[What you are asked to do]: Your task is to copy the stretch of lines in the records below that begins with the line containing "H&M Black and Cream print Long Sleeve Dress" and ends with the line containing "в зеленых тонах", exactly as written, with nothing added.

┌──

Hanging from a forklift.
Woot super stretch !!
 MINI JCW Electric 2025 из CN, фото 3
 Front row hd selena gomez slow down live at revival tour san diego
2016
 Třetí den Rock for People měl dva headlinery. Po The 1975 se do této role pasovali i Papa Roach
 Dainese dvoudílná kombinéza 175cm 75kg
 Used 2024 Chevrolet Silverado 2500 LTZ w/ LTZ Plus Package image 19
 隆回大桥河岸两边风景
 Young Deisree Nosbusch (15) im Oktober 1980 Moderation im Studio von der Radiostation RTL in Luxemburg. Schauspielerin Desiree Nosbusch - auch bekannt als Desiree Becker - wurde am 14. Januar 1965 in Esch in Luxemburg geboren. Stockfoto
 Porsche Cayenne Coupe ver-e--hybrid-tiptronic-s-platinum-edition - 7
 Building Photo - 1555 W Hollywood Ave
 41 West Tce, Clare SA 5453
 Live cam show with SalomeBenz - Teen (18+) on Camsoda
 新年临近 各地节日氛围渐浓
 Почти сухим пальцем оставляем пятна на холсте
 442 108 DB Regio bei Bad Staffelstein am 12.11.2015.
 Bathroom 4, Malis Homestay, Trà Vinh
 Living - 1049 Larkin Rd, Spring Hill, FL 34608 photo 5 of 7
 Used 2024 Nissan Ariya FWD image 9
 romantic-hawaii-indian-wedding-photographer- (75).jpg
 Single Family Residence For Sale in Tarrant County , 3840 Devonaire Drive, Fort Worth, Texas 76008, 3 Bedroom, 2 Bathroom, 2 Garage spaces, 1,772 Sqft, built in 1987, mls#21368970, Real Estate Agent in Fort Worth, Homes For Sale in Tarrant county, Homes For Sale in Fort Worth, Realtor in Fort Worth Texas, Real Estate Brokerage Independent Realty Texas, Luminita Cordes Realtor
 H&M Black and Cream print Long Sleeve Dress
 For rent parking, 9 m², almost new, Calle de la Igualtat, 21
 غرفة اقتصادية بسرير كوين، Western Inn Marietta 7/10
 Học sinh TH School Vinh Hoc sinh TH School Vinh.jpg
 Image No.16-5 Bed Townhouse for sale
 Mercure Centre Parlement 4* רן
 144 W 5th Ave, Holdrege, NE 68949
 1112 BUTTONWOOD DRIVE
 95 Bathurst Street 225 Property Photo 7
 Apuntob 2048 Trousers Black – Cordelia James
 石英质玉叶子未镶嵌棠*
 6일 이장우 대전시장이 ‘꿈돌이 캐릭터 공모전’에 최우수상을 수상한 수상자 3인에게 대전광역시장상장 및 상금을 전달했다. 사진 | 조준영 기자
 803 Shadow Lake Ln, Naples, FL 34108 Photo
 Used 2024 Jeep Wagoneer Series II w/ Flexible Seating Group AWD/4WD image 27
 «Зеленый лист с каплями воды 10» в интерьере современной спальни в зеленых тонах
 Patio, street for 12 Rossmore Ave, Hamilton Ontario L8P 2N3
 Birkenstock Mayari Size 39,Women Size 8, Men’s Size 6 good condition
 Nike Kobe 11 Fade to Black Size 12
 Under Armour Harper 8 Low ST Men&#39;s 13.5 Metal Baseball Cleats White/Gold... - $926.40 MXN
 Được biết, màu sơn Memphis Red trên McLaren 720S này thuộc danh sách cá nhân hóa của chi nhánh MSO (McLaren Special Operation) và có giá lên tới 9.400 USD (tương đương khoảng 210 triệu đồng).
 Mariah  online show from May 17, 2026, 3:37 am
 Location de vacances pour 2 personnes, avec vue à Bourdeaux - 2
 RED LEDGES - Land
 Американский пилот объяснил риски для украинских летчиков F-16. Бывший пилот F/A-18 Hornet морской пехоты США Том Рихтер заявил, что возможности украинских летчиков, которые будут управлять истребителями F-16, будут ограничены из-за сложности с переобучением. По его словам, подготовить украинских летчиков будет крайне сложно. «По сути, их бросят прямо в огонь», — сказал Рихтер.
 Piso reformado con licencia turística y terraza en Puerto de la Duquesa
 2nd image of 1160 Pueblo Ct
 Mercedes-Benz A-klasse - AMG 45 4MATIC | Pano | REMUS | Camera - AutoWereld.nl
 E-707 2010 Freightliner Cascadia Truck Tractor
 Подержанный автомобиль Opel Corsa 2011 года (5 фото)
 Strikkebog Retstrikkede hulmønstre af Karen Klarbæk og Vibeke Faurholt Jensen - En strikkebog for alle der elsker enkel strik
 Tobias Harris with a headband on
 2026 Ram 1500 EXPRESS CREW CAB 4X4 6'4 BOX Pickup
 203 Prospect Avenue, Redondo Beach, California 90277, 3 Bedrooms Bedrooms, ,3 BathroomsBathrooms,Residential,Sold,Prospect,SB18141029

└──

[Response to this exercise]:
 H&M Black and Cream print Long Sleeve Dress
 For rent parking, 9 m², almost new, Calle de la Igualtat, 21
 غرفة اقتصادية بسرير كوين، Western Inn Marietta 7/10
 Học sinh TH School Vinh Hoc sinh TH School Vinh.jpg
 Image No.16-5 Bed Townhouse for sale
 Mercure Centre Parlement 4* רן
 144 W 5th Ave, Holdrege, NE 68949
 1112 BUTTONWOOD DRIVE
 95 Bathurst Street 225 Property Photo 7
 Apuntob 2048 Trousers Black – Cordelia James
 石英质玉叶子未镶嵌棠*
 6일 이장우 대전시장이 ‘꿈돌이 캐릭터 공모전’에 최우수상을 수상한 수상자 3인에게 대전광역시장상장 및 상금을 전달했다. 사진 | 조준영 기자
 803 Shadow Lake Ln, Naples, FL 34108 Photo
 Used 2024 Jeep Wagoneer Series II w/ Flexible Seating Group AWD/4WD image 27
 «Зеленый лист с каплями воды 10» в интерьере современной спальни в зеленых тонах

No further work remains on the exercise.